WHEN I BECAME a vegetarian in middle school, my parents put up with my dietary special needs on the condition that I learned to cook for myself. Enter Mollie Katzen's Enchanted Broccoli Forest, the cookbook that kept me alive for the next decade. So I mean no disrespect to Katzen and her brand of hippie-inflected vegetarianism when I say that I never, ever need to see another recipe for marinated tofu in my life.

In the past few years, there's been an absolute explosion of vegetable-focused cookbooks.
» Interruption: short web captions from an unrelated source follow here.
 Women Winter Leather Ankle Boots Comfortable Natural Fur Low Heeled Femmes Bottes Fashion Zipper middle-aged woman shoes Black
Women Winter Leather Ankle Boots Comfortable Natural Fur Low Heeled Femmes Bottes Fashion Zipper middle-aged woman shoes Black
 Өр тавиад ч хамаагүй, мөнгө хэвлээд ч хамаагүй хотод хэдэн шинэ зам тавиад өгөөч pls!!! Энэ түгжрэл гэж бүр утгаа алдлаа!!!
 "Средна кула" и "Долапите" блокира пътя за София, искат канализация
Some are written by vegetarians and vegans and some aren't, but all focus on showcasing fresh vegetables in ways that absolutely overturn the notion that vegetarian cooking has to be dreary, healthy, or laden with meat substitutes.
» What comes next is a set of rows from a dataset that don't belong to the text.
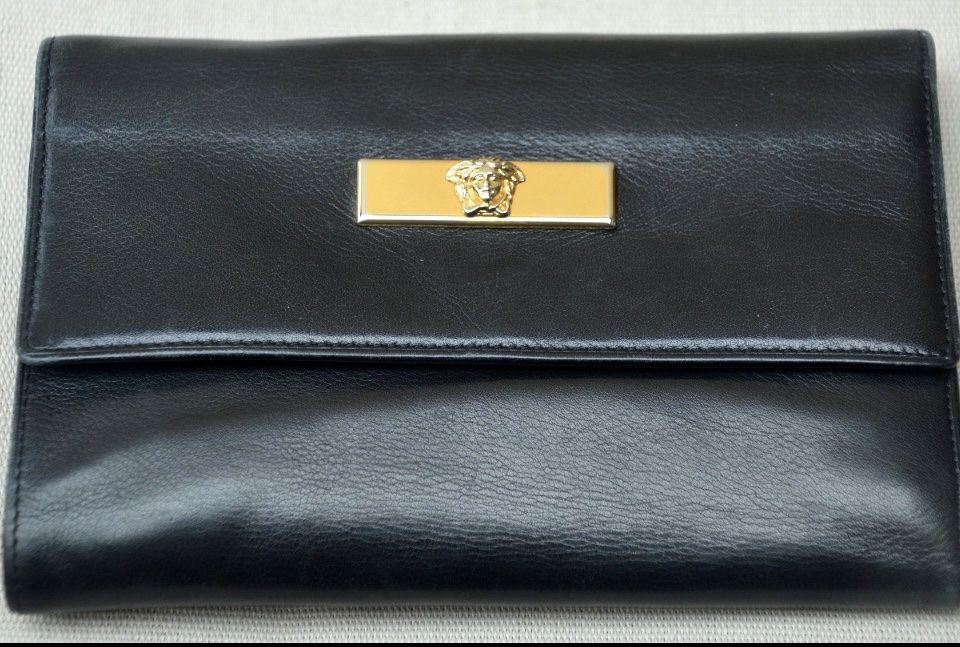 Versace Portafogli: Portemonnaie Gianni Versace – Usato da Zürich venduto da cat_rsn7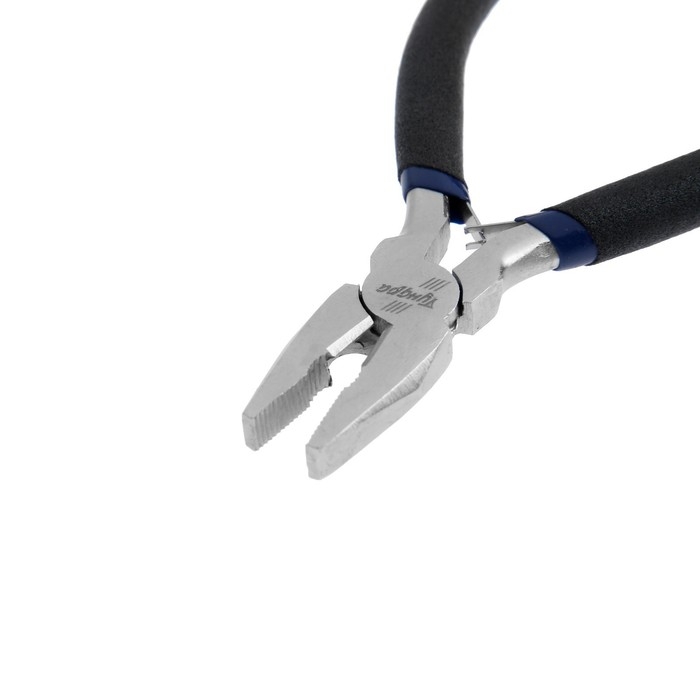 Плоскогубцы ТУНДРА ВДОМ, никелированные, обрезиненные рукоятки, 120 мм Плоскогубцы ТУНДРА ВДОМ, никелированные, обрезиненные рукоятки, 120 мм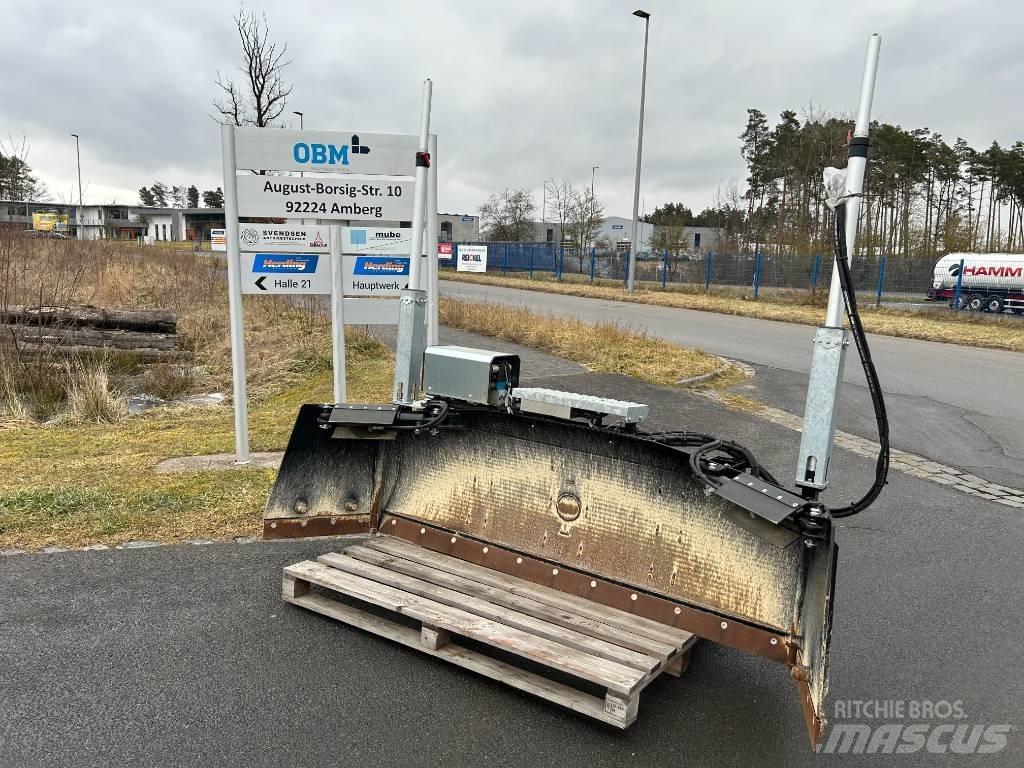 AP Powerblade PB2200 Crawler loaders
I've cooked recipes from all of the books on this list, and they're listed in order of most used to least used in my kitchen.


by Yotam Ottolenghi

The Israel-born and London-based Ottolenghi isn't a vegetarian—he just really likes vegetables. Take, for example, an extremely simple recipe for a vegetable "mixed grill" tossed in a parsley sauce—it's quite possibly the most interesting thing anyone's ever done with a carrot. (In the kitchen.) Bright flavors abound, as well as yogurt and tahini sauces; citrus, cilantro, and garlic show up often. Beginning cooks might be a bit put off by some of the techniques required (are you comfortable blackening an eggplant under a broiler? You'll be fine, if so.), but this is one of the most consistently rewarding cookbooks I own. If you only make his fresh-corn polenta with eggplant sauce, you will be glad you bought this book. Let me just repeat that: polenta. With fresh. Corn.

River Cottage Veg

by Hugh Fearnley-Whittingstall

A household name in the UK, known for a farm-to-table sensibility that's showcased at a working farm where he slaughters his own animals, Fearnley-Whittingstall isn't exactly the poster child for vegetarianism, either—but he knows how to work a vegetable. River Cottage Veg is a chatty, good-humored guide that keeps its expectations low and gets consistently good results. This is an incredibly practical cookbook, full of ways to simplify evening meals and brown-bag lunches without sacrificing flavor or quality—I'd recommend it to anyone looking to save money by cooking at home more often. The recipe for homemade Cup o'Noodles alone is a life-changer.

Vegetable Literacy

by Deborah Madison

From one of the most trusted names in vegetarian cookbookery, the veggie-focused Vegetable Literacy is part cookbook and part gardening/botanical guide. Madison steps out of the kitchen to consider vegetables in a seasonal, gardening context, and then steps back into the kitchen to explain, with utter authority, the best way to roast an artichoke, why you shouldn't cook peas in a pressure cooker, and how to make a mustard butter you will soon be eating on everything. (If you're looking for an everyday cookbook, Madison just released a revised version of her encyclopedic classic Vegetarian Cooking for Everyone. I spent $40 on this book while broke as fuck in college and never regretted it.)

Lust for Leaf

by Alex Brown and Evan George

These two beer-guzzling, pot-smoking bloggers from LA also happen to be some of the most interesting vegetarian chefs working today. I'm pretty sure their MO as chefs is "get wasted and invent new foods and then eat the foods while still pretty wasted." This cookbook would be insufferable if the recipes weren't so excellent—not to mention mind-bogglingly creative. (Have you ever wanted to make your own NyQuil? Why not?) It's summer-party themed, which means tacos with jackfruit carnitas, corn on the cob loaded with spices and cheese, spicy kale slaw, homemade veggie dogs... and a beer pairing with each recipe, natch.

Dirt Candy

by Amanda Cohen and Ryan Dunlavey

Amanda Cohen is owner/chef of tiny Manhattan restaurant Dirt Candy, and her motto is blunt: "Anyone can cook a hamburger, but leave the vegetables to the professionals." Dirt Candy is half comics-form memoir, half illustrated cookbook, and 100 percent no-nonsense in its emphasis on the practical aspects of home and restaurant cooking. (Also, kimchee doughnuts.) I don't find myself cooking out of this one too often—it's definitely a special-occasions, impress-your-friends-with-something-weird kind of book—but the memoir portion of the book is a great read, especially for its back-of-the-house window into the restaurant world.